*** Opening INFORMATION GIVEN ***

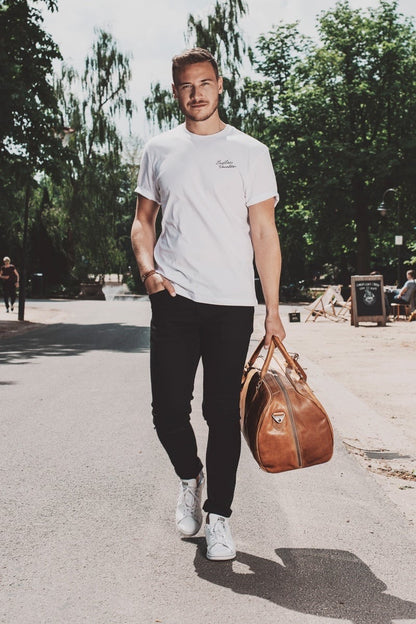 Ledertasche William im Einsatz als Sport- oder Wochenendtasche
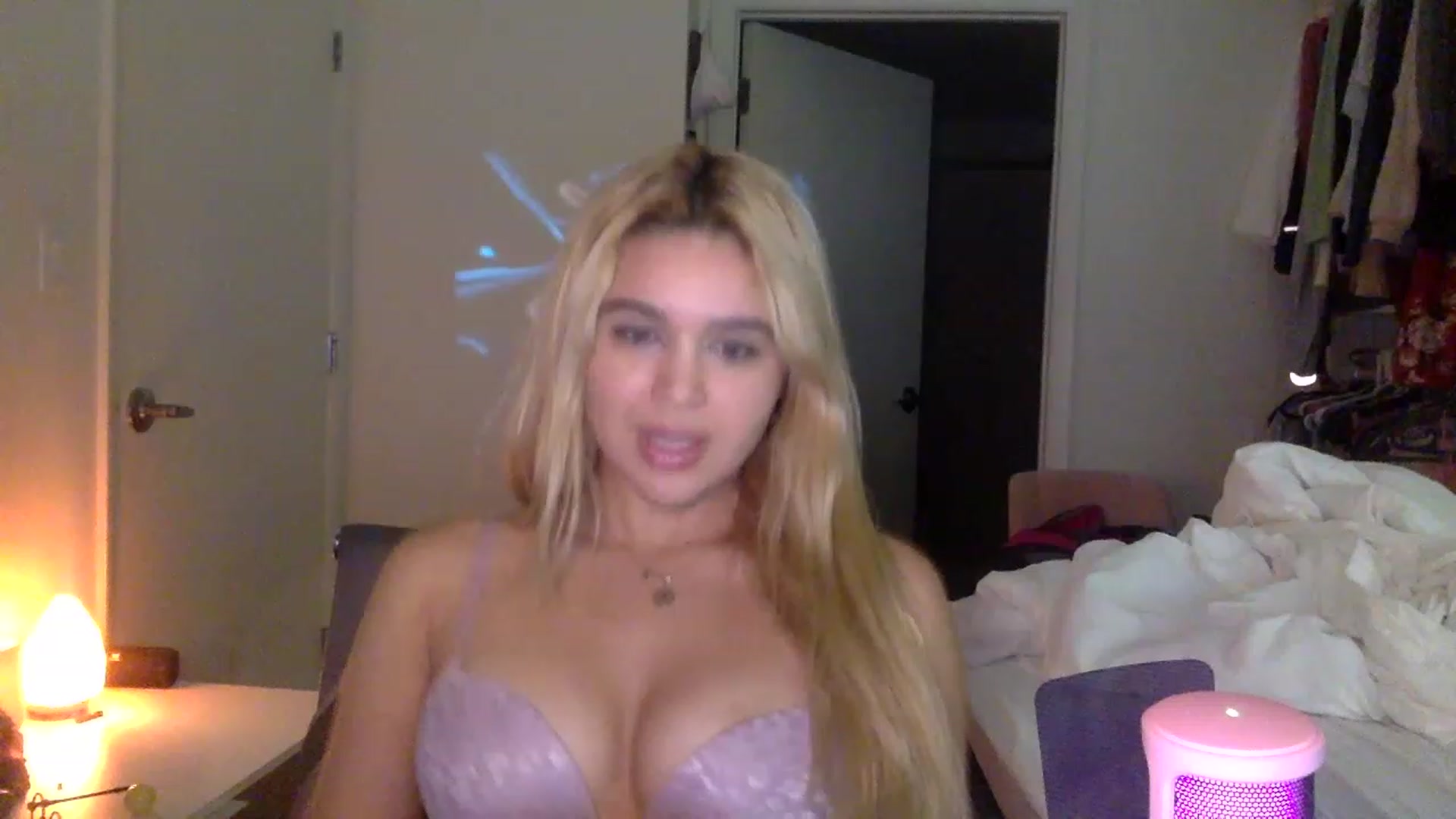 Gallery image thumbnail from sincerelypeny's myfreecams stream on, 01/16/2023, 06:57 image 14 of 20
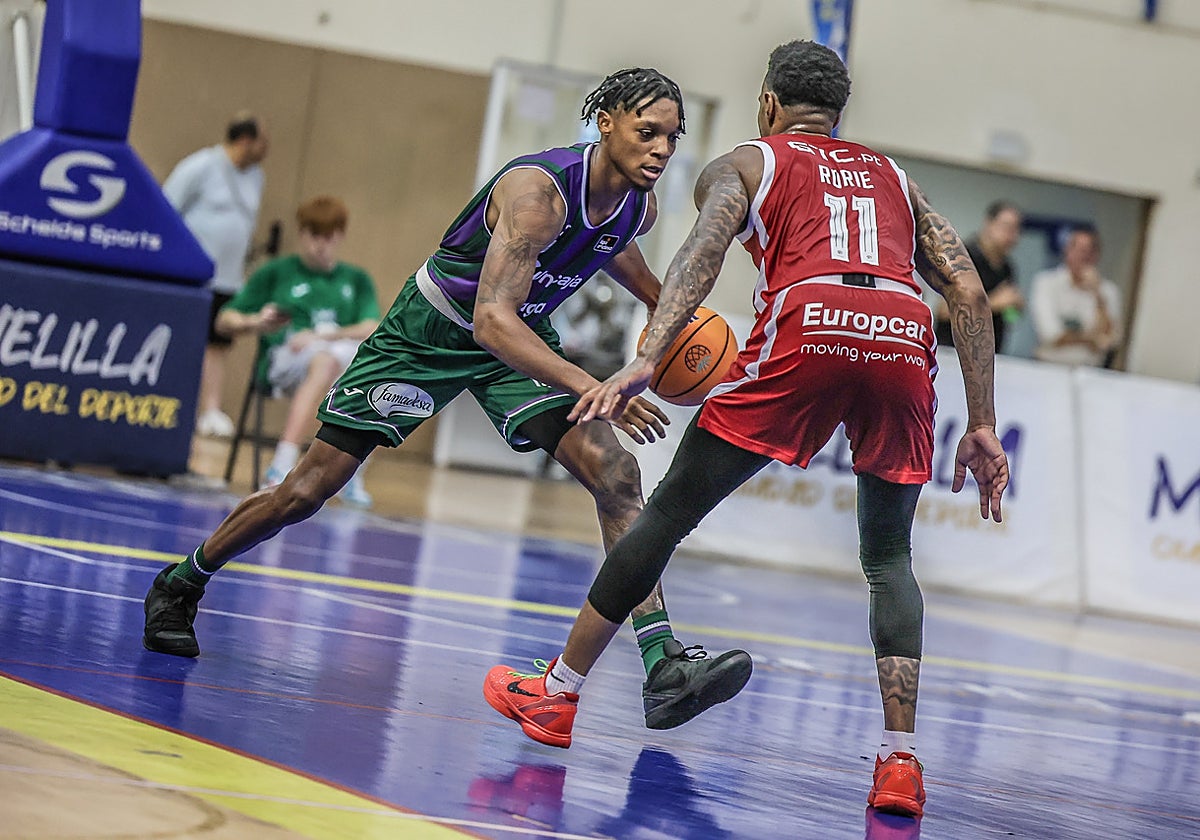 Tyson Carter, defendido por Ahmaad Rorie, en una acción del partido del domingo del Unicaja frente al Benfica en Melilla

*** Closing INFORMATION GIVEN ***
*** Opening INFORMATION GIVEN ***

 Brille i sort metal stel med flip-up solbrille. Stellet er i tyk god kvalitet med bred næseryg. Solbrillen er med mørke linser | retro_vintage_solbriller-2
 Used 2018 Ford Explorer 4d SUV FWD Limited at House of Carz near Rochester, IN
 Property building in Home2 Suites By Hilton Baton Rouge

*** Closing INFORMATION GIVEN ***

» TASK BRIEF: Everything above from the line that has "Gallery image thumbnail" down to the line that has "Tyson Carter, defendido" should be output exactly, with both of those lines included. Leave the pictures behind.

» RESPONSE BOX:
 Gallery image thumbnail from sincerelypeny's myfreecams stream on, 01/16/2023, 06:57 image 14 of 20
 Tyson Carter, defendido por Ahmaad Rorie, en una acción del partido del domingo del Unicaja frente al Benfica en Melilla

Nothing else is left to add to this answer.